Si en el Principado Valtteri Bottas tuvo que abandonar tras un problema en un neumático y Lewis Hamilton quedó relegado a la séptima posición, en Azerbaiyán ambos se quedaron fuera de las 10 primeras posiciones, logrando una mayor ventaja Red Bull en el campeonato de constructores gracias a la victoria de Checo Pérez (Verstappen sigue liderando el Mundial).

Toto Wolff, jefe de Mercedes, reconoce que el nivel del equipo no está siendo el de otras temporadas: "Creo que hay muchas cosas que no están funcionando tan bien como en los últimos años. En la faceta operativa no estamos en nuestro mejor momento. Realmente no hemos encontrado el punto óptimo del coche para la clasificación y la carrera, de lograr tener un monoplaza rápido en clasificación y rápido en la carrera".

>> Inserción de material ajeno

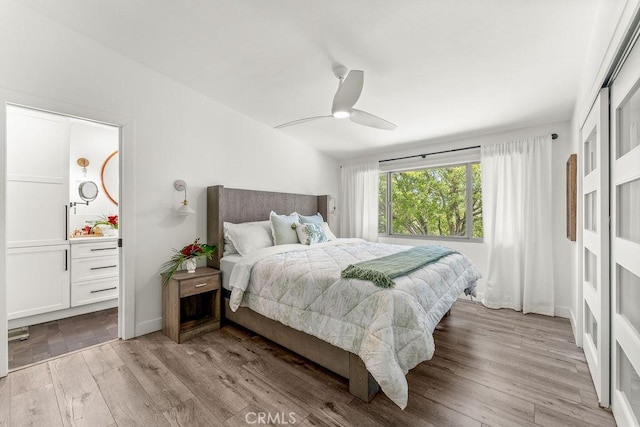 bedroom featuring a ceiling fan, wood finished floors, and ensuite bathroom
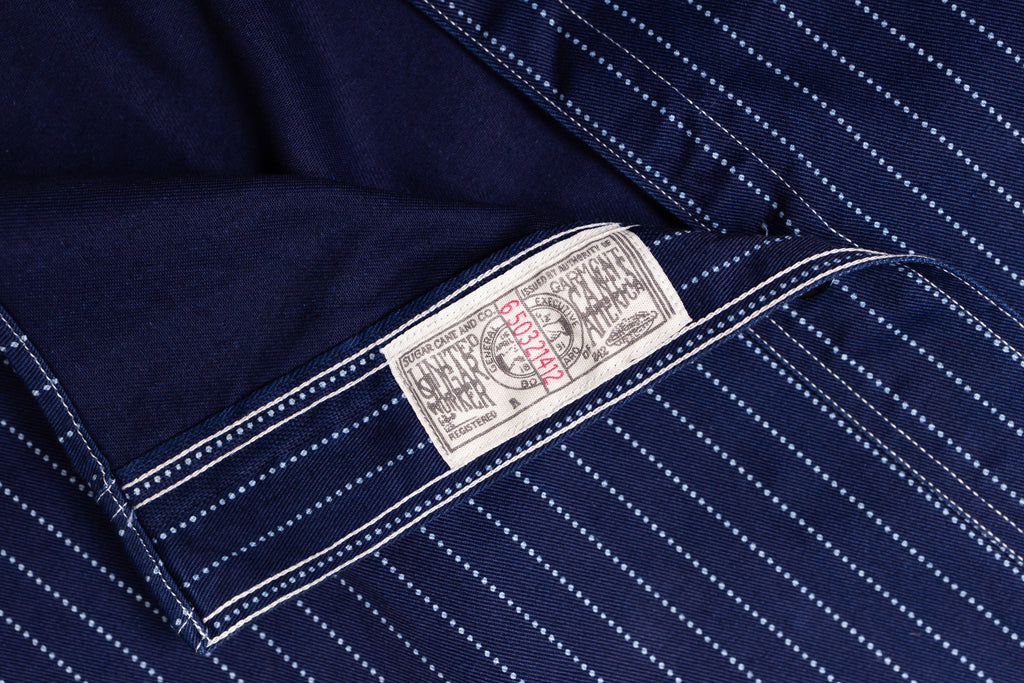 Close-up of a navy blue shirt with a brand label on a matching background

"Hay tantas cosas que necesitamos mejorar que lo único que quiero hacer ahora mismo, cuando acabemos esta entrevista, es ponerme a ello para asegurarme de que realmente seamos capaces de competir por este campeonato. No se puede seguir perdiendo puntos como hemos hecho en Mónaco y aquí. Simplemente no es aceptable para todos", añadió el austriaco.

Al ser preguntado por si está viviendo las semanas más duras en su periplo en la escudería de Brackley, Wolff lo tiene claro: "Sí, son las más difíciles. Porque no tener rendimiento en Mónaco, y que ocurra lo de Valtteri, que habría logrado un sólido podio, pero se encontró una parada en boxes de 36 horas, no es realmente un gran logro, según el listón que nosotros mismos habíamos puesto".

 

"Y luego en Bakú el coche estuvo casi todas las sesiones en ninguna parte, perdido. Luego, para ser sincero, estar en tercer lugar e incluso intentar lograrlo estuvo bien", explicó.

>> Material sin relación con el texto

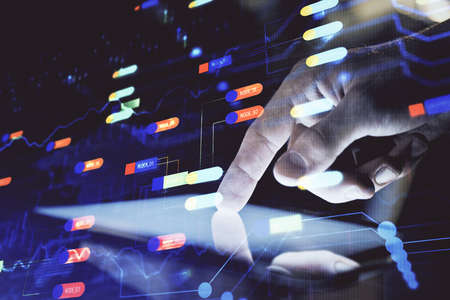 Double exposure of mans hand holding and using a digital device and data theme hologram drawing. Technology concept.の写真素材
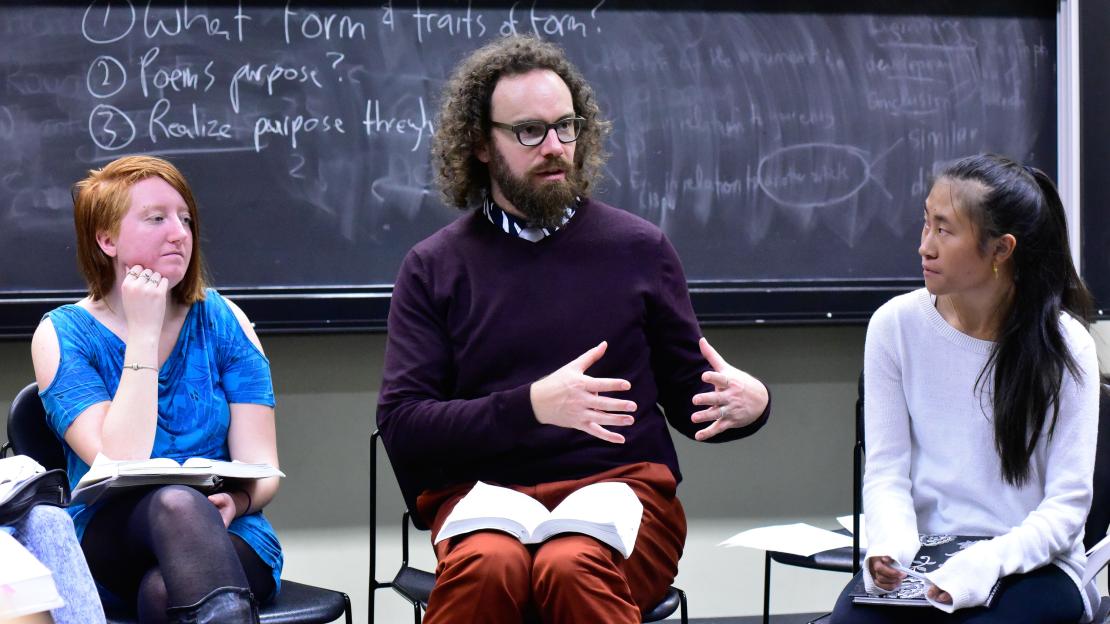 Professor Daniel Scott Tysdal sitting with two students
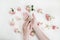 Hands holding natural soap bar with flowers on white background. Spa, Bath, Hygienic concept. Top View, Flatlay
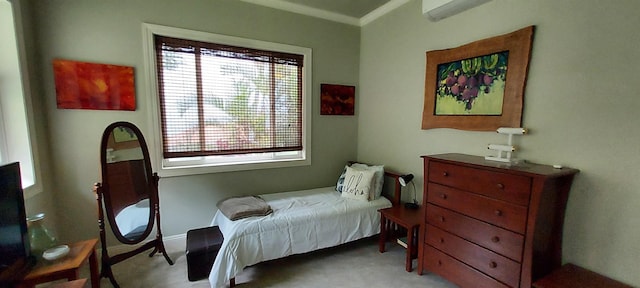 bedroom featuring crown molding and light carpet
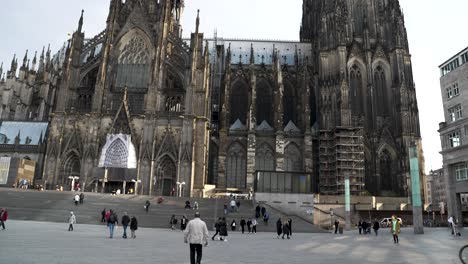 Cologne,-Germany---Tilt-up-shot-of-locals-and-tourists-walking-around-Cologne-Cathedral-in-front-of-the-Central-Station-at-daytime
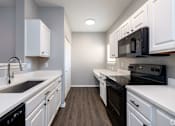 Thumbnail 4 of 28 - A kitchen with white cabinets and black appliances.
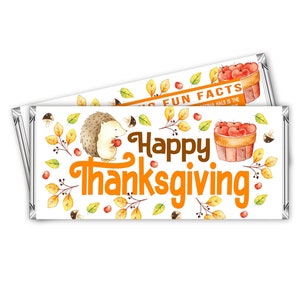 Op de afbeelding: Een witte chocolade reep verpakking met een feestelijk Thanksgiving ontwerp. De verpakking toont een egel die een appel vasthoudt, herfstbladeren en de tekst "Prettige Thanksgiving".
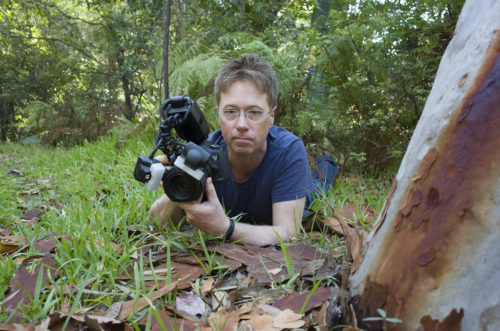 Jurgen Otto lying on the ground taking pictures.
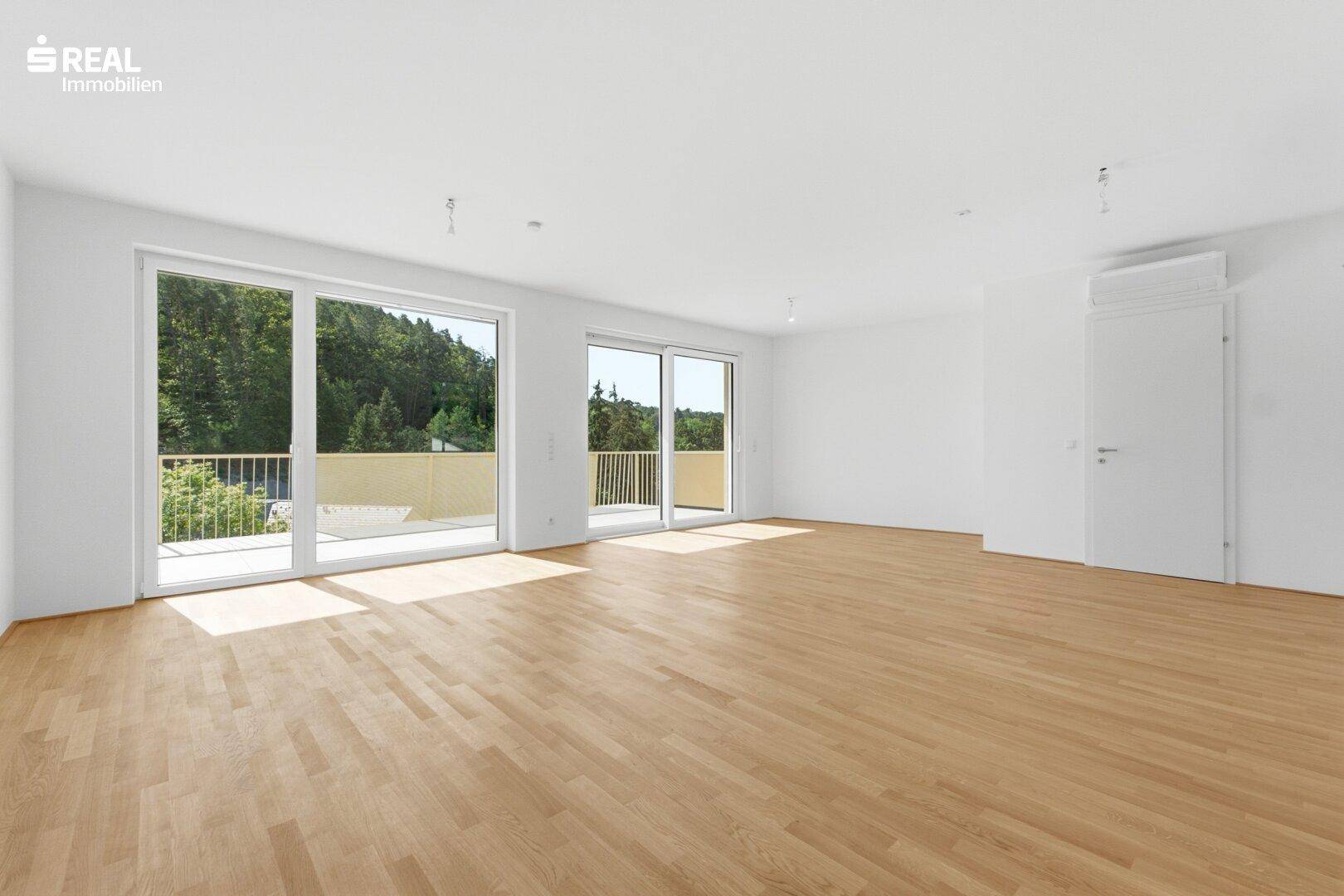 Geräumiges, helles Wohnzimmer mit Holzboden und Schiebetüren zum Außenbereich.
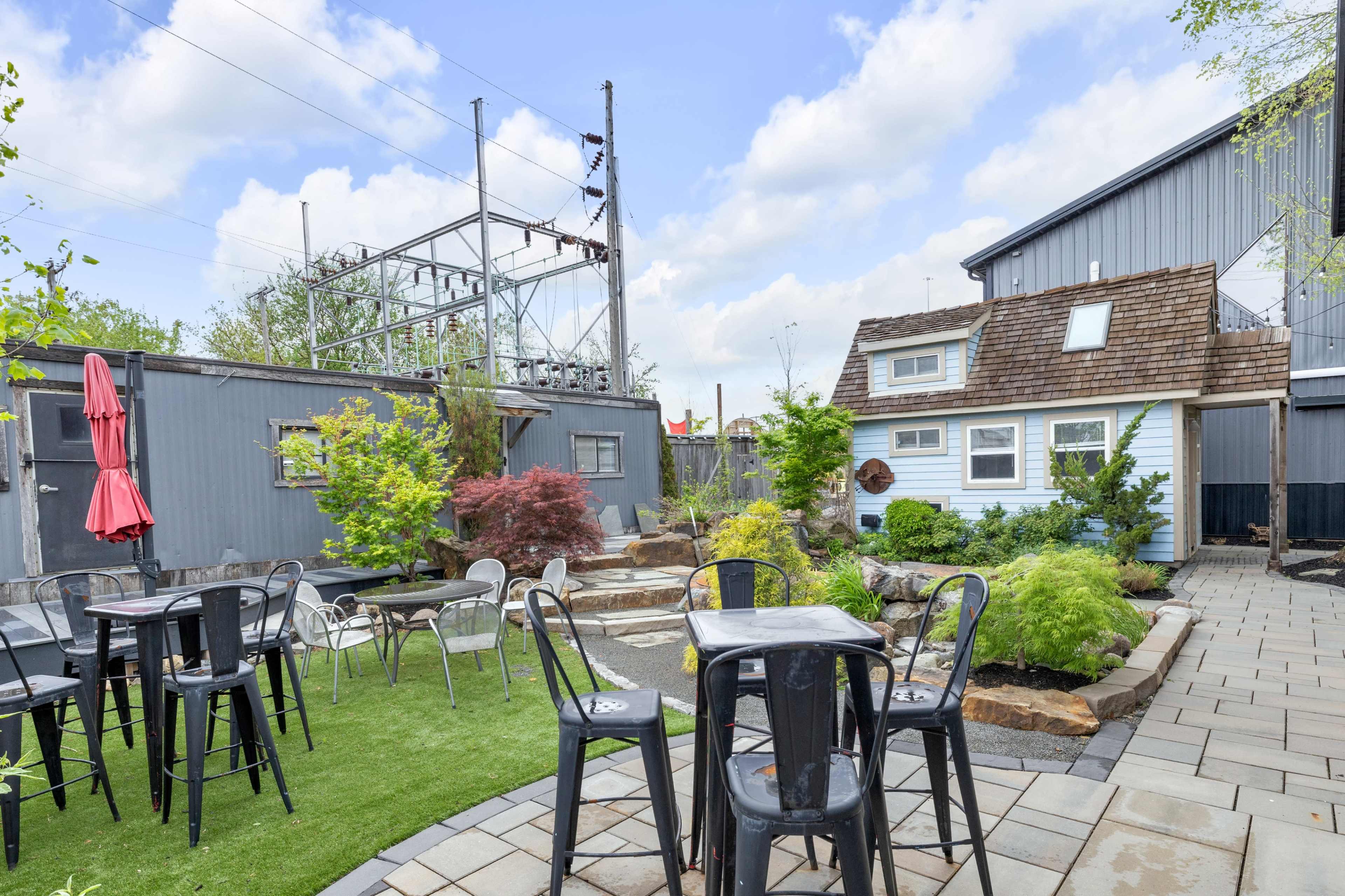 The image depicts a landscaped outdoor area featuring a small blue cottage, metal tables and chairs, and greenery, with electrical equipment visible in the background.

"Pero simplemente no es aceptable que no estemos poniendo el coche en una posición de máximo rendimiento después de la salida, o tras las paradas en boxes. Estamos perdiendo segundo tras segundo", añadió.

Tanto Hamilton como él se vieron "frustrados" por el grosero error del británico en la resalida: "Ambos estamos destruidos, para ser sincero. Para él, obviamente, como piloto, lo tienes... está tan cerca y luego todo se ha ido. Solo necesitamos ser la mejor versión de nosotros mismos y hacer lo mejor con lo que tenemos. Y no les hemos dado a los pilotos un paquete competitivo este fin de semana. Han estado lejos de tener un paquete competitivo".

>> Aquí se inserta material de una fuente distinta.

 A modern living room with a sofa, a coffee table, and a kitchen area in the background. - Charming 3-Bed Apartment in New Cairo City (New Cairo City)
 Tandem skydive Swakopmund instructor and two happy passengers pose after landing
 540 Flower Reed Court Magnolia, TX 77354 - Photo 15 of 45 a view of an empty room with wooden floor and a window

"Esa es la frustración. No es solo el incidente al final lo que frustra. En general, no estamos cumpliendo con nuestras propias expectativas. Todos: Lewis, los ingenieros, yo mismo, todos los miembros del equipo", zanjó el jefe del equipo, que ya mira al GP de Canadá del próximo fin de semana con el objetivo de vencer a Red Bull.